**Description of the task**:
Your output should repeat each record below with no differences.

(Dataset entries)
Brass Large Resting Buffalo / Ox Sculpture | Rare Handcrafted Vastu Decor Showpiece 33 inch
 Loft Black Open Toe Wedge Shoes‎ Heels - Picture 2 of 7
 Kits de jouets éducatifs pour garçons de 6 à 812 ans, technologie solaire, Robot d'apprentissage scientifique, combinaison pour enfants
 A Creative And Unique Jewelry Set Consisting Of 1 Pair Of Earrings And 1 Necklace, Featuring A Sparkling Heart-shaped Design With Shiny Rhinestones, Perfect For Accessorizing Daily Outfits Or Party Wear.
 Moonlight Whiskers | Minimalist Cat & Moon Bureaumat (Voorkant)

**Your solution**:
Brass Large Resting Buffalo / Ox Sculpture | Rare Handcrafted Vastu Decor Showpiece 33 inch
 Loft Black Open Toe Wedge Shoes‎ Heels - Picture 2 of 7
 Kits de jouets éducatifs pour garçons de 6 à 812 ans, technologie solaire, Robot d'apprentissage scientifique, combinaison pour enfants
 A Creative And Unique Jewelry Set Consisting Of 1 Pair Of Earrings And 1 Necklace, Featuring A Sparkling Heart-shaped Design With Shiny Rhinestones, Perfect For Accessorizing Daily Outfits Or Party Wear.
 Moonlight Whiskers | Minimalist Cat & Moon Bureaumat (Voorkant)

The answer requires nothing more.